_Prompt_. Pictures aside, copy every record word for word.

————

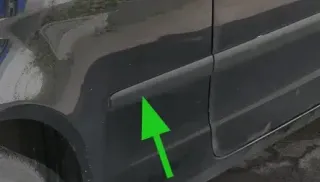 VW Polo 9N 9N3 Leiste Zierleiste Seite hinten rechts an Karosse schwarz 2/3-Türe - Bild 1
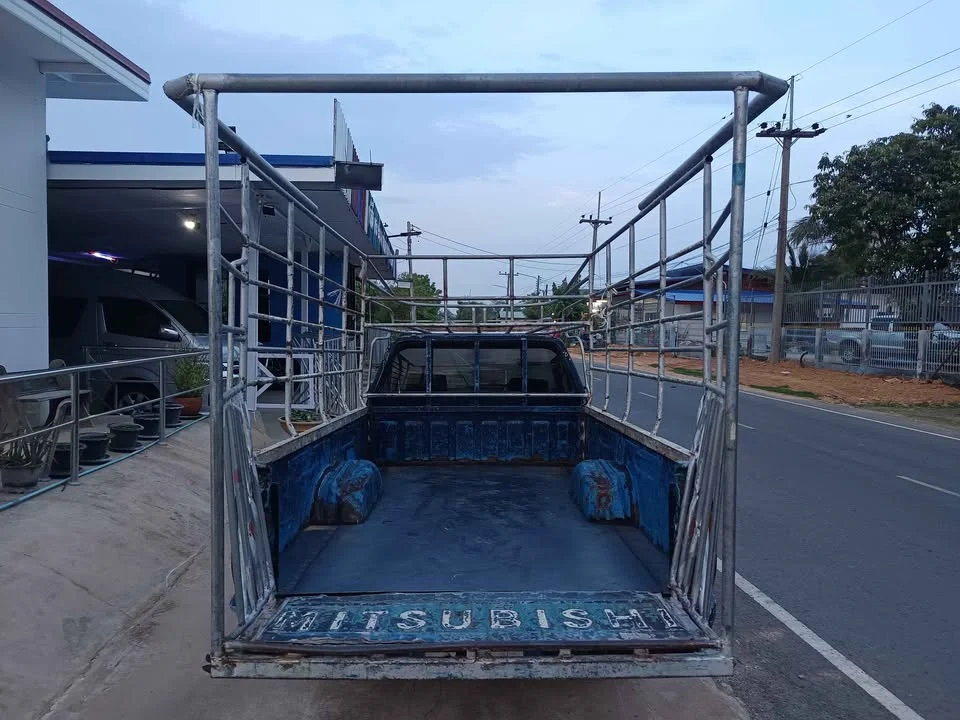 1991 Mitsubishi Triton II 3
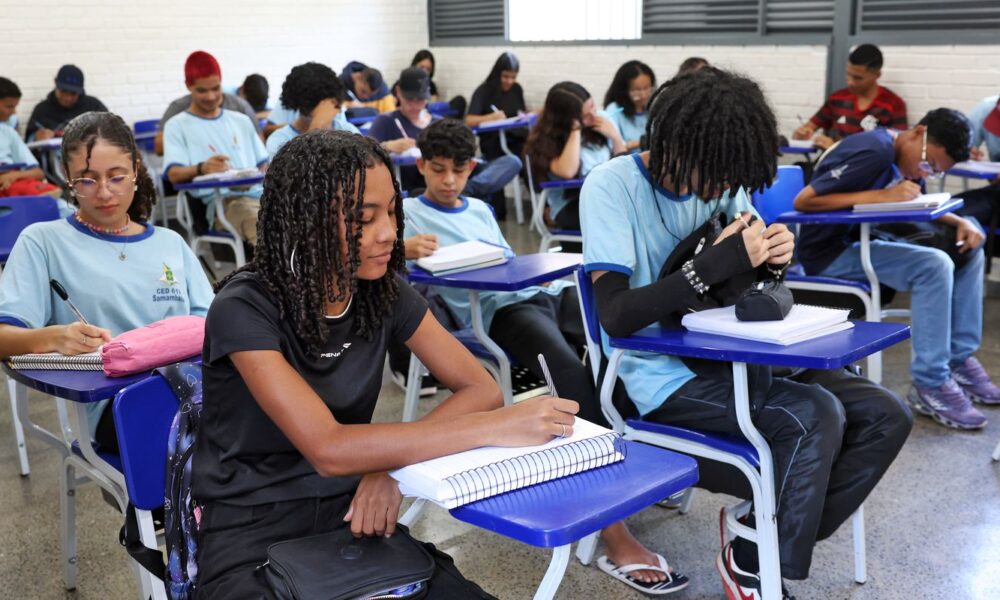 Estudantes do Programa Pé-de-Meia Recebem Nova Parcela de Incentivo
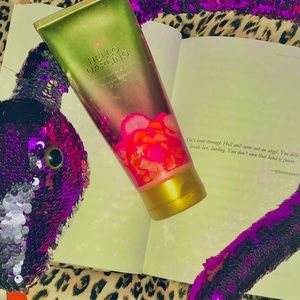 Victoria’s Secret Body Cream. (🎀 Hello Darling )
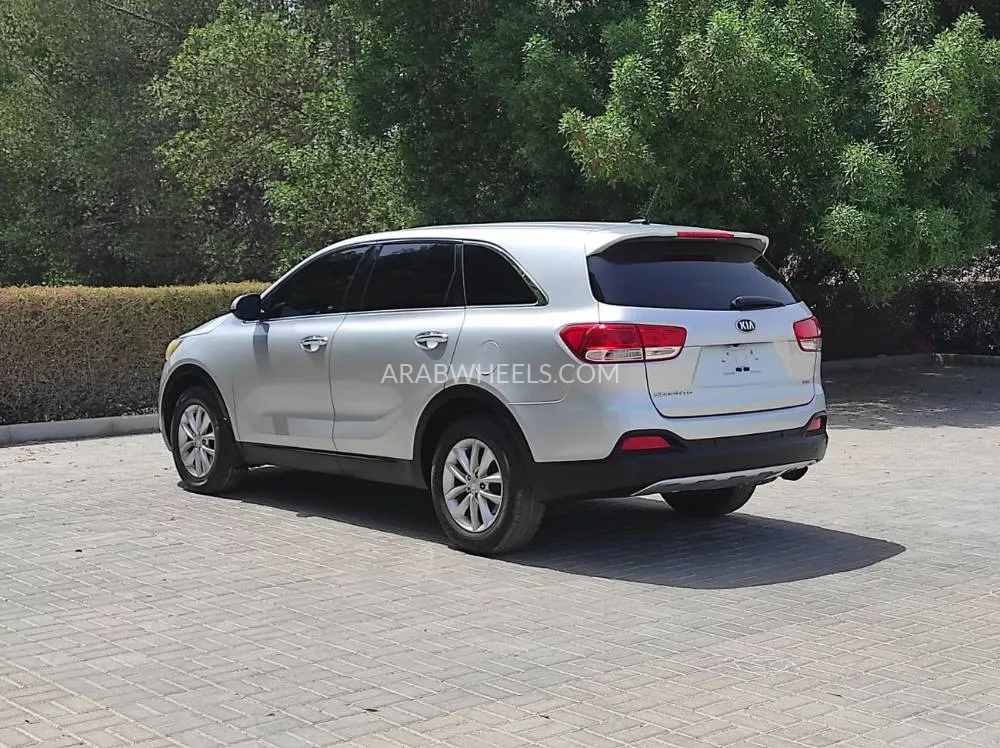Kia Sorento 2018 for Sale in Sharjah Image-13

————

_Written response_.
 VW Polo 9N 9N3 Leiste Zierleiste Seite hinten rechts an Karosse schwarz 2/3-Türe - Bild 1
 1991 Mitsubishi Triton II 3
 Estudantes do Programa Pé-de-Meia Recebem Nova Parcela de Incentivo
 Victoria’s Secret Body Cream. (🎀 Hello Darling )
Kia Sorento 2018 for Sale in Sharjah Image-13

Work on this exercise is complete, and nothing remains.